Extracted data:
== Segment start ==

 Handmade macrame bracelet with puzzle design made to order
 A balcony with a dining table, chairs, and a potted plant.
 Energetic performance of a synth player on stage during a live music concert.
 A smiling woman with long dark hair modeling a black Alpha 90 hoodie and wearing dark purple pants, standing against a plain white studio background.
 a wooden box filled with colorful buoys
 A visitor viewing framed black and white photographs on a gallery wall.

== Segment end ==
== Segment start ==

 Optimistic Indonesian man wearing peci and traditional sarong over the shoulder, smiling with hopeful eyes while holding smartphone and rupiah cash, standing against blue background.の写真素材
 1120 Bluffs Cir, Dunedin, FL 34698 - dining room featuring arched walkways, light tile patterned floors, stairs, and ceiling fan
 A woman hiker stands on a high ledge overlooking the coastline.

== Segment end ==
== Segment start ==

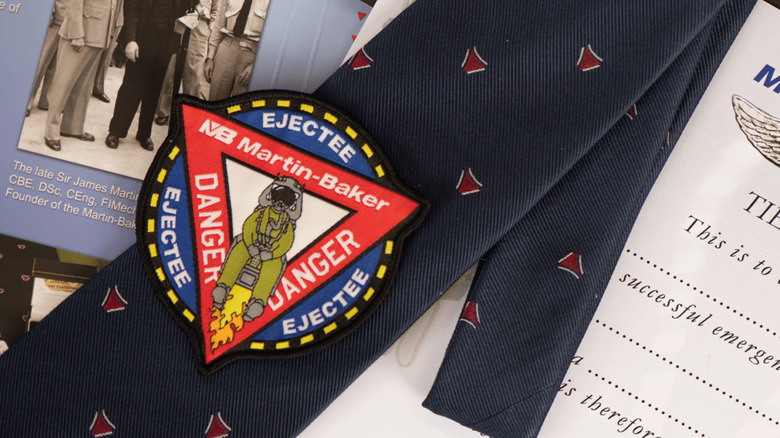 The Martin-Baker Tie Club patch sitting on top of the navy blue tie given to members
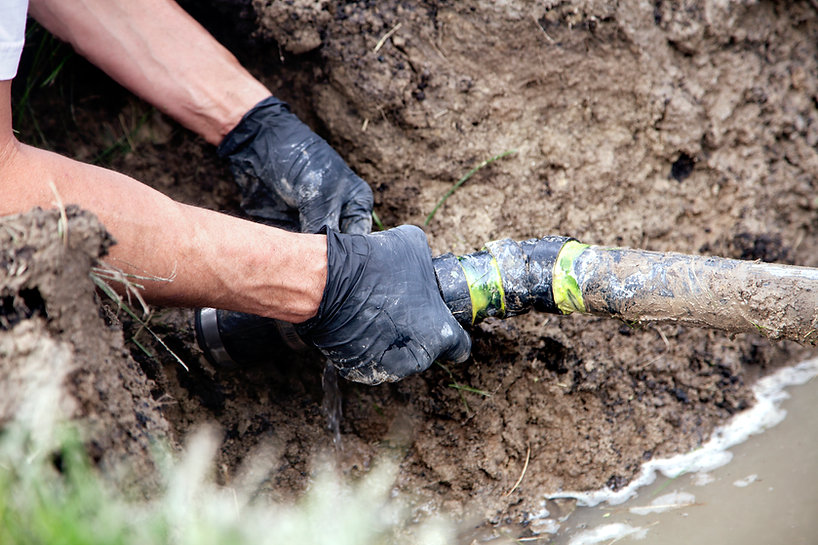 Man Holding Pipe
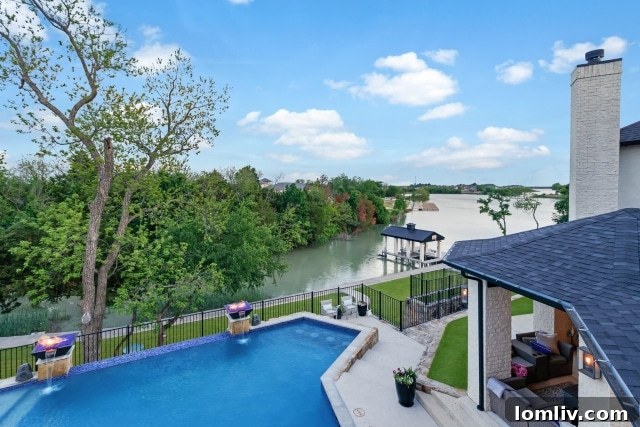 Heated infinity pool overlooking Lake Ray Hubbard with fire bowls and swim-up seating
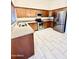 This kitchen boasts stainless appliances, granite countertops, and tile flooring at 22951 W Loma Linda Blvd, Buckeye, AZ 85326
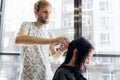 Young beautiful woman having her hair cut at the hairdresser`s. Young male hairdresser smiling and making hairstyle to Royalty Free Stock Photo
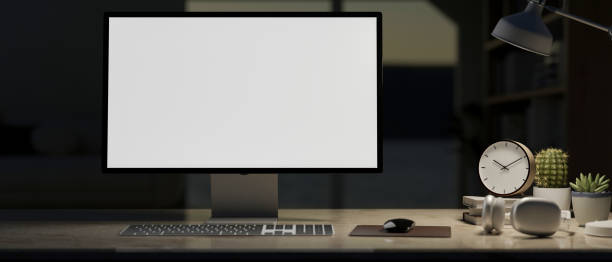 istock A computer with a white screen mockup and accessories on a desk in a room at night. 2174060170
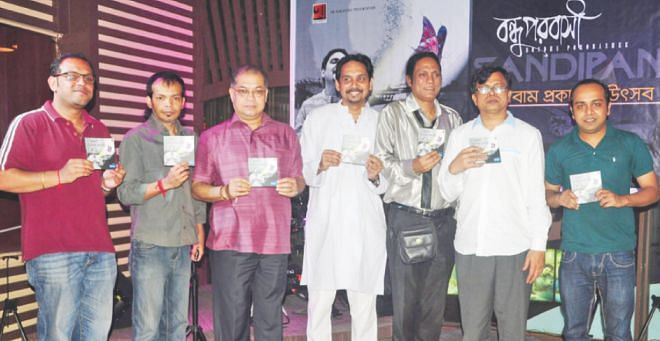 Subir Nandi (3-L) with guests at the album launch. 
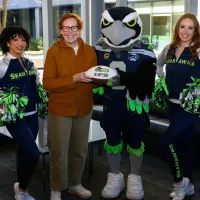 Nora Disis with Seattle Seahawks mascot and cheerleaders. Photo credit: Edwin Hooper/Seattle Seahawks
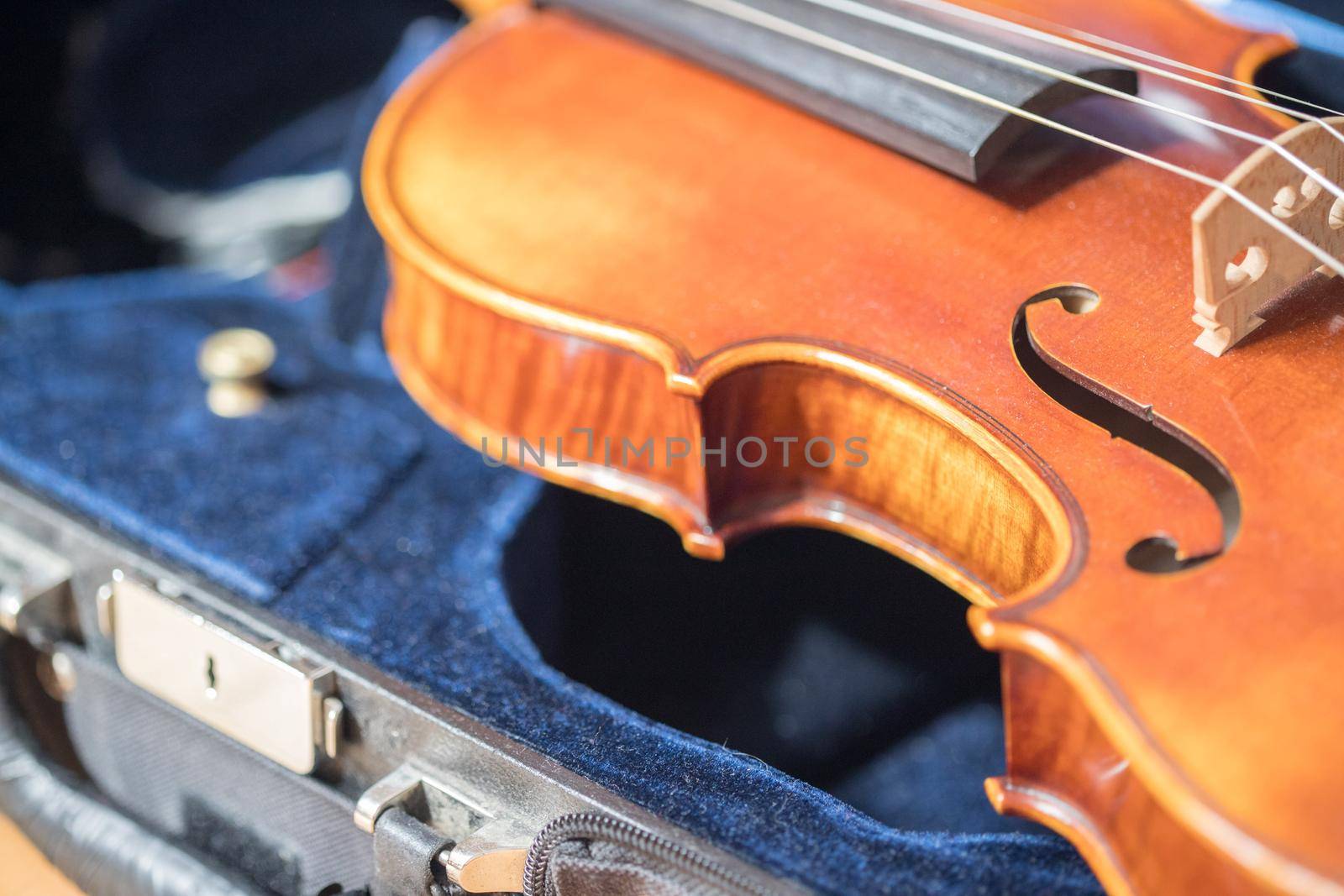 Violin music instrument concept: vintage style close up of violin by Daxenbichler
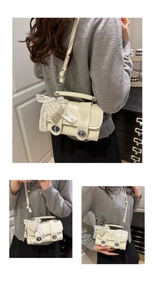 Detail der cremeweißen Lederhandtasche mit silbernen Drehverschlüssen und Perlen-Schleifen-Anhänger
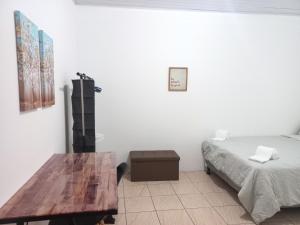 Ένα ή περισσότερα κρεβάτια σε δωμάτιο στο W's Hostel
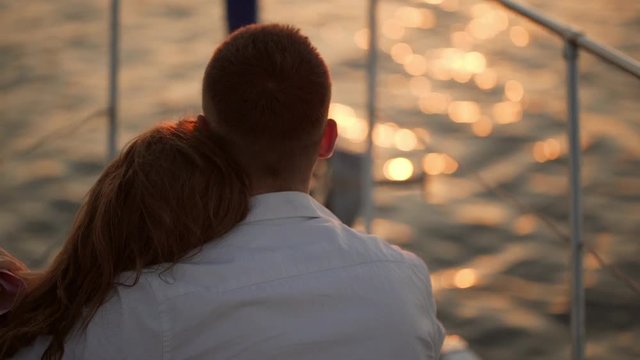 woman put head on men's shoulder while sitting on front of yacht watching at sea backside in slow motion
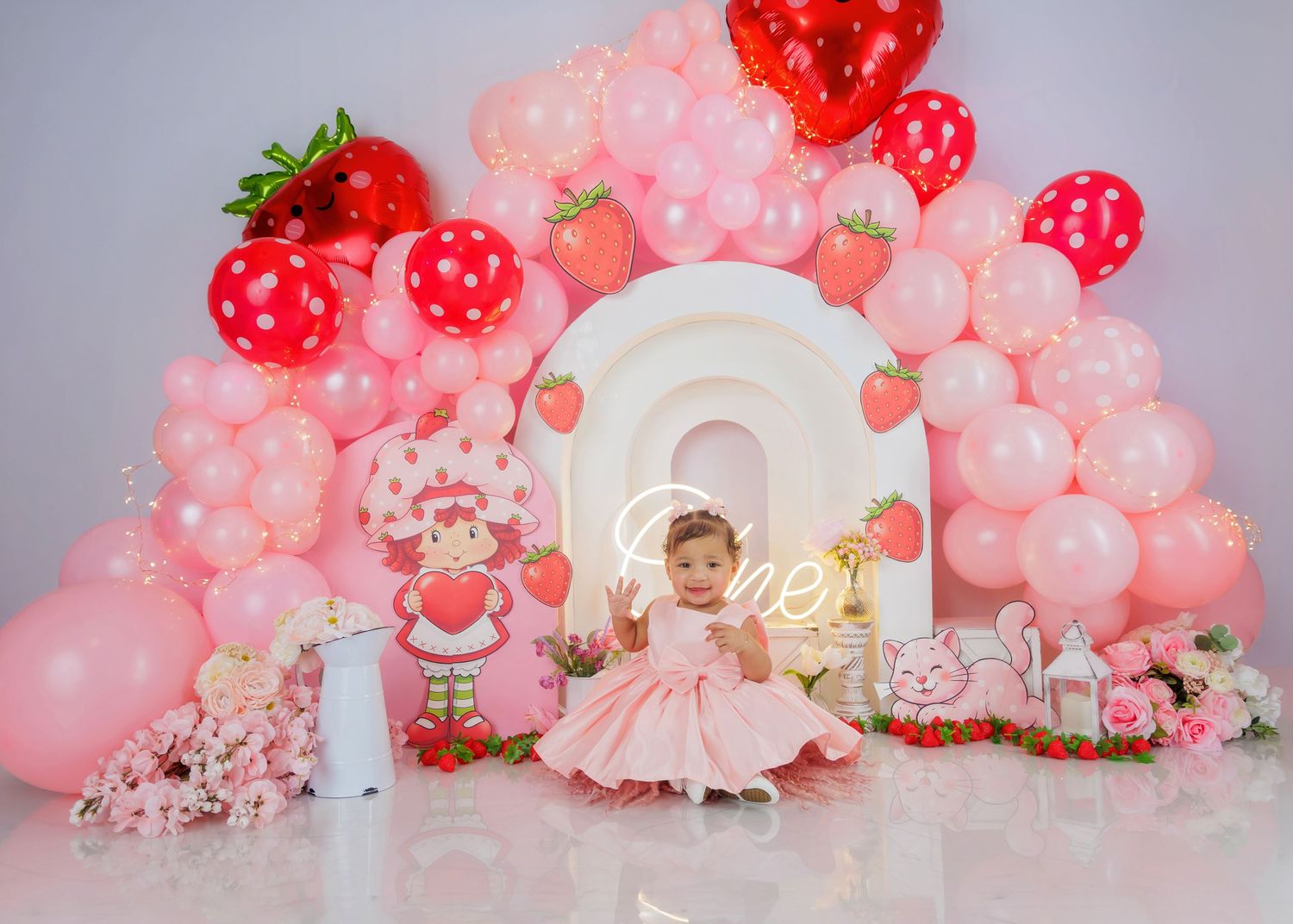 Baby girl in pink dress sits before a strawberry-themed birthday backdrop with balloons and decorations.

== Segment end ==

About this task: In the records above, find the line with "This kitchen boasts" and the line with "Baby girl in", then restate word for word only those two lines and all lines between, omitting pictures.

Your response:
 This kitchen boasts stainless appliances, granite countertops, and tile flooring at 22951 W Loma Linda Blvd, Buckeye, AZ 85326
 Young beautiful woman having her hair cut at the hairdresser`s. Young male hairdresser smiling and making hairstyle to Royalty Free Stock Photo
 istock A computer with a white screen mockup and accessories on a desk in a room at night. 2174060170
 Subir Nandi (3-L) with guests at the album launch. 
 Nora Disis with Seattle Seahawks mascot and cheerleaders. Photo credit: Edwin Hooper/Seattle Seahawks
 Violin music instrument concept: vintage style close up of violin by Daxenbichler
 Detail der cremeweißen Lederhandtasche mit silbernen Drehverschlüssen und Perlen-Schleifen-Anhänger
 Ένα ή περισσότερα κρεβάτια σε δωμάτιο στο W's Hostel
 woman put head on men's shoulder while sitting on front of yacht watching at sea backside in slow motion
 Baby girl in pink dress sits before a strawberry-themed birthday backdrop with balloons and decorations.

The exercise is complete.